The Nova Scotia Court of Appeal unanimously upheld her acquittal.

==Reasons of the court==
The Court allowed the Crown appeal. The majority entered a stay while the dissenting judge, Fish J., would have ordered a new trial, leaving it to the Crown to determine whether a retrial was in the public interest.

The Court accepted the facts found by the trial judge. The only issue was whether the defence of duress was available. The Court accepted the Crown’s argument, which was made for the first time, that duress was not available. Duress is available when one is compelled to commit a crime against an innocent third party. In this case, given the facts found by the trial judge, the husband would not be an innocent victim. Rather he would be the author of his own misfortune. Moreover, Ms. Doucet was never compelled to act as she did. The Court alluded to the possibility of invoking self-defence as a possible defence.

Fish J. found the granting of the stay of proceedings was inappropriate. He would have ordered a new trial. Any further defence advanced by the accused could be made then.

While not being available on the fact, the SCC's wider discussion of the law of duress in Canada is instructive. Duress is an excuse based defence which operates to negate criminal liability where the offence is the product of an accused’s morally involuntary conduct. There is both a statutory and common law defence of duress. Whereas the statutory defence will be available to a principal offender, the common law defence will be available to secondary offenders.

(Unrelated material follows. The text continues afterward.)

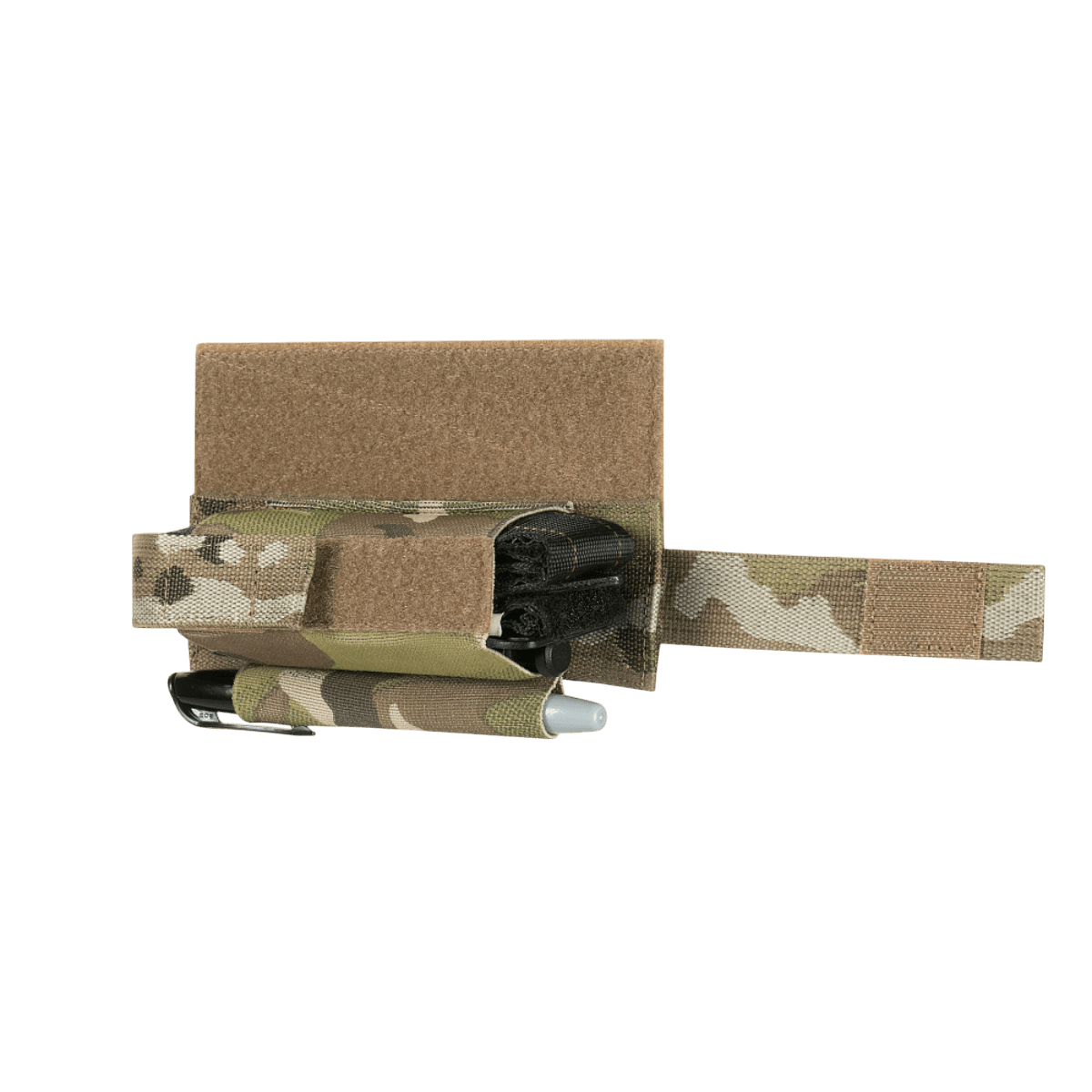 M-Tac Tourniquet Pouch Elastic Gen.5 i Cordura 500D materiale med elastisk fastgørelse til CAT tourniquet, i camouflagemønster.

A notable difference between the two defences is that whereas the common law defence of duress will be available to any charge, the statutory defence, as described in section 17 of the Criminal Code, contains a list of excluded offences, including murder.

Apart from this, the decision in Ryan brought the statutory and common law versions of the defence of duress into relative harmony. For one, There must have been an implicit or explicit threat of present or future death or bodily harm against accused or a third party that the accused reasonably believed would be carried out. Second, there must have been no safe avenue of escape available to the accused. Third, there must have been a close temporal link between the threat and the offence. Fourth, there must have been proportionality between the threat of harm and the offence carried out. Relatedly, the accused must have acted with reasonable fortitude in response to the threat. Fifth, and finally, the accused must not have been a part of a conspiracy while participating in the offence.

==Reactions==
Following the release of the decision on January 18, 2013, Michael Ryan, ex-husband of the accused denied any of the allegations made. He emphasized he was in attendance at court in response to a subpoena, but the Crown never called him as a witness.

A law professor from Dalhousie University called for a public inquiry. He questioned the rationale of the Crown not to call Mr. Ryan as a witness. He also was critical of the Court in making findings against the RCMP without having heard anything from the RCMP. He was also critical of the granting of a stay of proceedings, agreeing with Fish J. that it is an extreme remedy.